Self tests to determine if you are at risk for a running injury

Self tests to determine if you are at risk for a running injury

October 26, 2023

During a physical therapy examination, your therapist will perform tests to rule in or rule out causes of your pain, no matter what body part is bothering you. There are dozens of running specific special tests, but here are a few that you can perform on yourself at home. 

Weight-bearing lunge dorsiflexion test

To perform this test, find a wall and kneel close to it with your shoes off. Use a tape measure and place your big toe 5 inches from the wall. From this position, push your knee forward attempting to touch the wall with your knee. Your heel must stay in contact with the ground and the knee should not collapse inward.

Negative test: Knee able to reach wall with foot 5 inches from wall without heel coming off ground or pain
Positive test: Unable to get knee to wall without heel rising or pain present

What does a positive test mean?
A positive test indicates a lack of adequate ankle dorsiflexion mobility which can contribute to pain and altered movement patterns during activities such as squatting, running, and lunging. Performing these activities with stiff ankles will mean there are compensations occurring somewhere else in the body to accomplish the task.

Single leg heel raise test

To perform this test, stand facing a wall or sturdy object. You may touch lightly for balance but should not use your hands to assist in the movement. Lift one foot off the ground and perform a heel raise with the planted leg as high as you can lift then lower back down in control. Stop once you reach 25 repetitions, experience pain, or have a significant decrease in heel height, then switch legs and repeat the test.

Negative Test: Able to perform 25 repetitions without a significant decrease in height.
Positive Test: Unable to achieve 25 repetitions without pain or a significant decrease in height.

What does a positive test mean?

Inability to complete 25 repetitions indicates a lack of strength and endurance in the calf muscles. Adequate strength of these muscles is important to allow for optimal walking, running, and jumping activity. Since the calf muscles tie into the plantar fascia it is also important for reducing the stress placed through these tissues with increased activity.

Single Leg Squat (skater style)

To perform this test, stand barefoot with feet shoulder width apart and both arms down by your sides. Shift weight onto one foot with the leg off the floor behind you. Lower yourself down so that the back knee touches the floor (a ~2 inch cushioned surface is recommended) taking about 2-3 seconds to go down to ensure control and return back up to starting position. Perform up to 3 reps on one side and then switch to the other side.

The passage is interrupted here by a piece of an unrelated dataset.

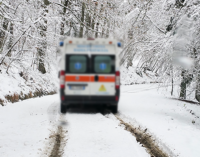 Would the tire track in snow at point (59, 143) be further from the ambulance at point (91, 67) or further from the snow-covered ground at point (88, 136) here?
the ambulance at point (91, 67)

Negative test: Able to complete 3 full, controlled reps on each side without pain or dysfunction.

Positive test:  Unable to complete 3 reps under control without pain or significant technique breakdown.

Must maintain the following:

Neutral arch: foot does not collapse down and in

Knee over 2nd toe: the knee does not collapse to the inside of the foot

Neutral pelvis: you do not let the pelvis drop to one side

What does a positive test mean?

A positive test can indicate decreased lower extremity or core control and reduced strength which may predispose you to a running injury. It may also indicate deficits in balance and/or flexibility deficits that prevent you from achieving the correct technique.